Consuelo Dieguez: O diabo mora mesmo nos detalhes

10 de janeiro de 2012
Por Gustavo Cunha


Em dois perfis publicados por Consuelo na Piauí, a música de Mozart e Beethoven foram propulsoras de informações reveladoras. Os olhos e ouvidos atentos da jornalista captaram detalhes que poderiam, facilmente, passar despercebidos.

Para fazer uma matéria sobre Roberto Mangabeira Unger, Consuelo teve de o entrevistar em um quarto de hotel, em Brasília – onde o professor “se instalara, um mês antes, à espera da sua posse na Secretaria de Planejamento de Longo Prazo”. Como não havia um cenário, com grandes elementos, para criar uma história, a repórter da Piauí concentrou a sua atenção em cada pormenor do comportamento do entrevistado – que, eufórico, deslizava, de um lado para o outro, em uma cadeira de rodinhas. Ao perceber alguns CDs de Beethoven empilhados numa pequena mesa, Consuelo perguntou: “o senhor gosta de Beethoven, hein, professor...?”.

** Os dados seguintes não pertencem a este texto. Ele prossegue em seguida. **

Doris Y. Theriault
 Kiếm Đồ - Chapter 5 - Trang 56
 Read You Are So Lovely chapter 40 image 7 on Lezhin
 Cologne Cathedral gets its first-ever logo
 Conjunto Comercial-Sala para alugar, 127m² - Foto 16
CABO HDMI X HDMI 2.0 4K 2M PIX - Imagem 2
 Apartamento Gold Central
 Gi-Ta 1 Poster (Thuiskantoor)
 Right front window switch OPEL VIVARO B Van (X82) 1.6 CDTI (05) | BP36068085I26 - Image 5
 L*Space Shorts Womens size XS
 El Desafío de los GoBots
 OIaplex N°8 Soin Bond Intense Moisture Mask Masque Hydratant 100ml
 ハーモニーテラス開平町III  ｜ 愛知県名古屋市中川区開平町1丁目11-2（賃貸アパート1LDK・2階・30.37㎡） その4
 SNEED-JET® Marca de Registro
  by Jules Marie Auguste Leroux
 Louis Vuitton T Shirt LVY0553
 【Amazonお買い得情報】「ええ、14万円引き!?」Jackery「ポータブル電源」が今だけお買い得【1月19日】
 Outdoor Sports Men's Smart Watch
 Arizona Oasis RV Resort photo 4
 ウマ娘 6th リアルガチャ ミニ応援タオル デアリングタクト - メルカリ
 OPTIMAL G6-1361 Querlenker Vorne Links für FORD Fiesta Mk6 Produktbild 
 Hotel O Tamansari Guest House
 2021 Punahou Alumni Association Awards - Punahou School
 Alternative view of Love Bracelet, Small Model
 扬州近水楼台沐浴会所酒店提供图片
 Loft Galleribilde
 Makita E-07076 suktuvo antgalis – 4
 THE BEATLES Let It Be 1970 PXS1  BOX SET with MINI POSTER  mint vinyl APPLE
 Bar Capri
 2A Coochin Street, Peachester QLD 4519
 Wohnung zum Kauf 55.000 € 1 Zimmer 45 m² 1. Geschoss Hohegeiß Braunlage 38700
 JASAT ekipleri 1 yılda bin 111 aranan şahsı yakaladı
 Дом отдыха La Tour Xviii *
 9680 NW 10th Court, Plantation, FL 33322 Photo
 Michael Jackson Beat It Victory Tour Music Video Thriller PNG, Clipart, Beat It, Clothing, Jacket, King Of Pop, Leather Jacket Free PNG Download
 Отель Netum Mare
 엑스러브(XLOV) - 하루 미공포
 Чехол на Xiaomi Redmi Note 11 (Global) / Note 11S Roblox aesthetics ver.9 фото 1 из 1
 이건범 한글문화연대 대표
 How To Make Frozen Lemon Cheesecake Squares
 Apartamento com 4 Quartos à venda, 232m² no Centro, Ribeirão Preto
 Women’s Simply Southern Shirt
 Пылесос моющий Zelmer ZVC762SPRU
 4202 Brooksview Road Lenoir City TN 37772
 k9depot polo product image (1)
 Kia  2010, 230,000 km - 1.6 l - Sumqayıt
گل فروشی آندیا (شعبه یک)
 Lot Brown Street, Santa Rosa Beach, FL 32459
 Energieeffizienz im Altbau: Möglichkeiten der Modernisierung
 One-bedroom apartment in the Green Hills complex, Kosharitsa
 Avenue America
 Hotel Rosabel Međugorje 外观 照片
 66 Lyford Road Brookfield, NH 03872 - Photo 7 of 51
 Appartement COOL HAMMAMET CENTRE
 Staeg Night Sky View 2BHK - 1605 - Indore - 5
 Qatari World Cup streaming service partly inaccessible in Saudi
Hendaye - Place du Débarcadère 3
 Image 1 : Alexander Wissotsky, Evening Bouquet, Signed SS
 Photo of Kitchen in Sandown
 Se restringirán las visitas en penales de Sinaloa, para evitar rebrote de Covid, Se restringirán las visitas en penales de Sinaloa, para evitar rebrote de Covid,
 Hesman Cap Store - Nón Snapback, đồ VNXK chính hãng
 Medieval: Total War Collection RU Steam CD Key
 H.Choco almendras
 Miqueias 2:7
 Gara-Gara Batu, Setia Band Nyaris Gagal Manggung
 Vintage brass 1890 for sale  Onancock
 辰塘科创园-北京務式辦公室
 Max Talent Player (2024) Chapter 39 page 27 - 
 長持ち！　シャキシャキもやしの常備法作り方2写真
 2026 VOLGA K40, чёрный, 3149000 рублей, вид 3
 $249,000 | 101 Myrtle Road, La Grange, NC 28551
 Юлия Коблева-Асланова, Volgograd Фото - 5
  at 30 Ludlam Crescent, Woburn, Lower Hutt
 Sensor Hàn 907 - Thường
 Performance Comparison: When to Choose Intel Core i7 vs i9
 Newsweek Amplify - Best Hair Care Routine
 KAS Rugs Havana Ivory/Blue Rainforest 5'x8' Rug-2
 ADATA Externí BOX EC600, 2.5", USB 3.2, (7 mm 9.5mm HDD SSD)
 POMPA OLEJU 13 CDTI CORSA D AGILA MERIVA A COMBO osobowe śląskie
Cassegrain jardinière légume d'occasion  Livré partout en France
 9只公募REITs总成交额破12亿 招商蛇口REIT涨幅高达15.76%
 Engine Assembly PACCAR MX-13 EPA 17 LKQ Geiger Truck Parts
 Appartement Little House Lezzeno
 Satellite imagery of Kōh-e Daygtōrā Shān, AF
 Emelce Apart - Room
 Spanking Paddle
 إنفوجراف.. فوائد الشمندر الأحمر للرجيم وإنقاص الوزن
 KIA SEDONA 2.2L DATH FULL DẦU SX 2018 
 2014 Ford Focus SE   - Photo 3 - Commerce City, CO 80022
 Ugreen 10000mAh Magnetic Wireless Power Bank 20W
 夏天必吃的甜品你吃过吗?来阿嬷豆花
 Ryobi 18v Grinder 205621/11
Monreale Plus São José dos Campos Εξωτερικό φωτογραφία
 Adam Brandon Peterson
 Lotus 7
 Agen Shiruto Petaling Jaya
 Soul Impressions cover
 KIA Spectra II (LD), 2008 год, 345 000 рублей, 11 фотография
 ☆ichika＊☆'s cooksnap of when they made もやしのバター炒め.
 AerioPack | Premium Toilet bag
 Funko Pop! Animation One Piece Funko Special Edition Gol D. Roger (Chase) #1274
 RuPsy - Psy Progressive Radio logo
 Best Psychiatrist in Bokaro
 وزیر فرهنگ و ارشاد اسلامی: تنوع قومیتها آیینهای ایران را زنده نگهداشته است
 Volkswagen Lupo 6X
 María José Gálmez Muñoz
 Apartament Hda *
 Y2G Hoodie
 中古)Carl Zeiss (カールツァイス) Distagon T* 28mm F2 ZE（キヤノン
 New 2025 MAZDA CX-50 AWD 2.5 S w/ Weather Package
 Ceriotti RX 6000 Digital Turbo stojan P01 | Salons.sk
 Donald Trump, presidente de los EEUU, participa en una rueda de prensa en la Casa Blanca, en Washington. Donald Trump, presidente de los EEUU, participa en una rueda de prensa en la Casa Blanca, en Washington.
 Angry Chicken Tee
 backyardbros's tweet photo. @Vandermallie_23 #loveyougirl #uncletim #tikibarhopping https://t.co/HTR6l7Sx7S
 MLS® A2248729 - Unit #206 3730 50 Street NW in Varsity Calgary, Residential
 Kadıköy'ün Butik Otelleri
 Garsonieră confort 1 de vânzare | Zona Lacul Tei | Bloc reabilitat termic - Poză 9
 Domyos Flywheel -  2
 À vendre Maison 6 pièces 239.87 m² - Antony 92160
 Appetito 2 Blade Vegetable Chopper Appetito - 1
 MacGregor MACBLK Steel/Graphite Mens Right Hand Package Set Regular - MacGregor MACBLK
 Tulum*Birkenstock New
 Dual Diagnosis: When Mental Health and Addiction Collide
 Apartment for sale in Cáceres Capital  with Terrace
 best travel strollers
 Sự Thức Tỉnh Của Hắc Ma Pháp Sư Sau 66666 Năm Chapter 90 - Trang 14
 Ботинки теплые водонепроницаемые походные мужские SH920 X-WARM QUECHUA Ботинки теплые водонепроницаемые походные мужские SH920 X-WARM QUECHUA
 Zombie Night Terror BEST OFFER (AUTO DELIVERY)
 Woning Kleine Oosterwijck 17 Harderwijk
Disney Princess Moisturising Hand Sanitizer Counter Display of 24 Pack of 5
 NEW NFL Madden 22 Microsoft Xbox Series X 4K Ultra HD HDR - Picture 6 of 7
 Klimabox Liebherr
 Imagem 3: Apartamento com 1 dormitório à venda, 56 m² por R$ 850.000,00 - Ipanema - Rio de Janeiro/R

A questão não foi respondida em um ou dois períodos. O pequeno detalhe fez com que Mangabeira desenvolvesse um longo e complexo raciocínio: para ele, a música de Beethoven era grandeza, ao mesmo tempo que era paixão. Representava uma contradição que, paradoxalmente, se complementa. E “isso é a essência da nossa civilização”, proferiu.

Em entrevista com Daniel Dantas, foi a Serenata Número 13, em Sol Maior, de Mozart, que fez atiçar, em Consuelo, uma pergunta simples ao então presidente do banco Opportunity. A música “ecoava pela sala envidraçada da presidência”, como mostrou o perfil publicado na edição 9 de Piauí, em junho de 2007. A repórter quis entender o apreço pela música clássica, o que surpreendeu o entrevistado: “Como? Música clássica?”. Ao digerir a questão, informou, “com um sorriso maroto”: “descobrimos microfones aqui, estavam ouvindo as nossas conversas e antecipando nossos movimentos”.

Consuelo foi tomada de surpresa. “Eu ‘soltei’ uma pergunta, achando que ele iria falar que adorava música clássica, e, de repente, ele me surpreende ao dizer que aquilo era antiespionagem. É muito engraçado, porque muitas vezes você nunca espera que é isso!”

Convencendo a falar


O exercício de conquista da confiança do entrevistado está calcado, principalmente, na sinceridade – “em não inventar que se está fazendo algo quando, na verdade, se faz outra coisa”. O entrevistador não precisa abrir o jogo por completo, mas ele deve ser honesto o tempo todo. “A sabedoria do repórter está em usar argumentos que mostrem para o entrevistado ser interessante falar. O nosso papel é ouvir o que ele tem a dizer e passar isso para a opinião pública – com base em todas as outras entrevistas que fizermos. A princípio, não devemos condená-lo e nem absolvê-lo”. É necessário ponderar, no entanto, que “o entrevistador não é um sujeito passivo. É preciso conduzir a entrevista, de maneira a perceber se o entrevistado está enganando ou não”. Em seguida, completou: “você pode falar: ‘olha, isso não!’, ‘o caminho não é esse; eu estou te perguntando outra coisa e você está fugindo do assunto’”.

Como mostram os bons exemplos que Consuelo viveu, para além de estar preparado para o inesperado e para a fuga do script, o jornalista deve estar atento a todos os elementos que compõem uma entrevista. “Para se fazer um bom perfil, tudo conta. Você precisa prestar muita atenção não só ao que é falado”. Muitas vezes, os elementos não-verbais são até mais importantes do que, propriamente, uma frase ou declaração. Para a repórter, um dos melhores exemplos disso está no perfil de Frank Sinatra feito pelo jornalista Gay Talese – e que em 2003 foi escolhido como a melhor matéria da história da revista Esquire. Intitulada Frank Sinatra has a cold (Frank Sinatra está resfriado), a reportagem consegue montar um perfil capaz de deixar o leitor íntimo do cantor, muito embora o jornalista não tenha conseguido nenhuma entrevista com o astro.